How dare he come up to my home, blowing my mind by looking like he’d stepped off the cover of a GQ magazine, then offer me a glimpse of a life I once knew? He’d claimed not to be a practical joker, but he’d pulled the cruelest tease ever.

“Clara?” I heard my grandmother call out. “Can you come in here for a moment?”

I sighed deeply and wandered into the kitchen where my grandmother slumped slightly over the table, clearly suffering from a lot of pain. I hated seeing her this way. I had always known her to be a really strong, powerful woman. But as soon as the osteoarthritis started its insidious degeneration of the cartilage and tissues surrounding her joints, she’d begun to crumble.

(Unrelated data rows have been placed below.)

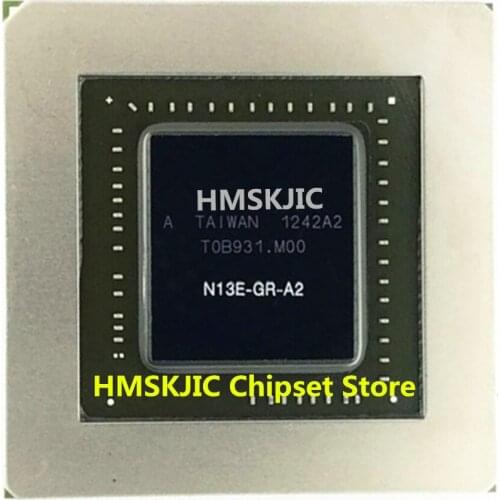 100% test very good product N13E-GR-A2 N13E GR A2 reball BGA chipset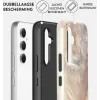 Burga Tough Back Cover hoesje voor Samsung Galaxy A55 - Serene Sunset 2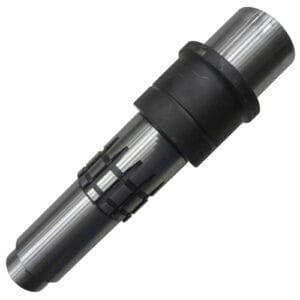 PTO Shaft Ouput Drive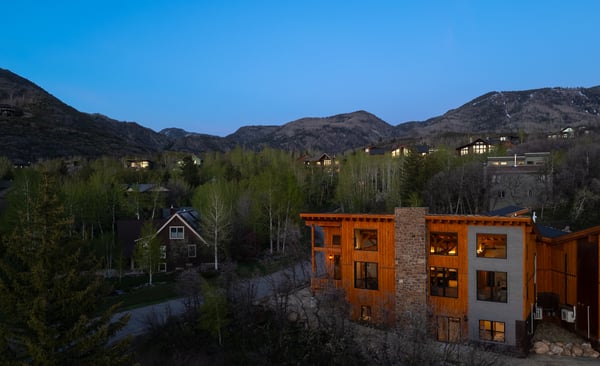 200 Sundance Court, Steamboat Springs, CO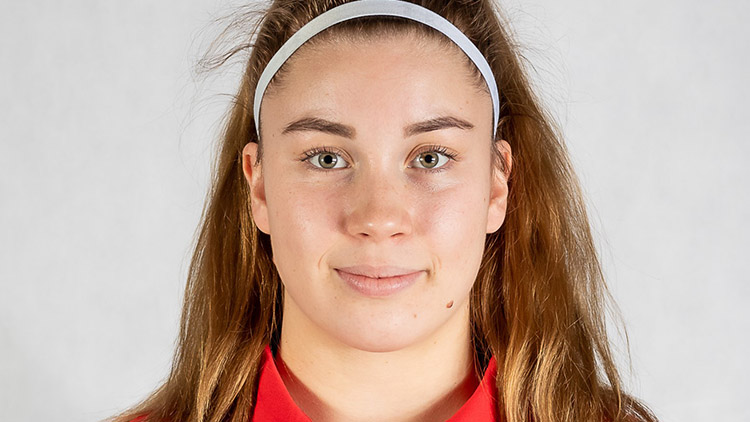 VK posílila univerzálka Karin Šunderlíková!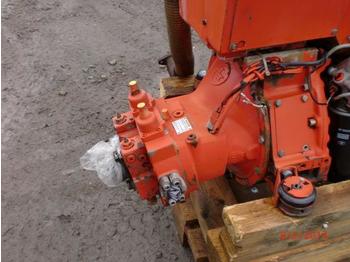 Pompe hydraulique pour Engins de chantier O&K RH 4 Rh 5 A7VO55L: photos 1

Once Olga Simyoneva had been the most beautiful and skilled dancer in the small Russian village of her birth. She’d never made it to the Bolshoi Ballet as Nadia Volkova had, but I’d sat at her feet listening to her spin tales of a world that had sounded so full of magic it took one’s breath away. Where ugly ducklings turned into the most beautiful swans and where princesses were swept away by the charming princes. I’d known since I could talk that I’d been named Clara after the little girl whose dance told the wonderous fairy tale of enchantment in The Nutcracker.

My babushka had instilled in me a love of ballet before I’d ever slipped into my first pair of pink satin flats. Now the disease was crippling her a little more every day, and it absolutely shattered me to see her knuckles and feet so swollen and twisted it was a huge effort to hold a cup of tea or walk more than a few steps. Though she tried to disguise her pain, I could see it in her eyes. I needed to be here for her, as much as she didn’t want to be a burden to me, but I was more than happy to do it.

“What was that about?” she asked me curiously, pushing to stand as straight as she could as she gestured toward the window above the kitchen sink. “I thought I heard a man talking outside.”

“Oh, that was nothing.”

I did my best to brush it off, but it was too late for that. From the way the lacy curtains were blowing with the draft, I knew the window was open. I had no doubt that my grandmother had been eavesdropping on my entire conversation with Alek Volkov. My grandmother had been trying to convince me to get back into ballet since I returned home from rehab, and this was only going to make it so much worse.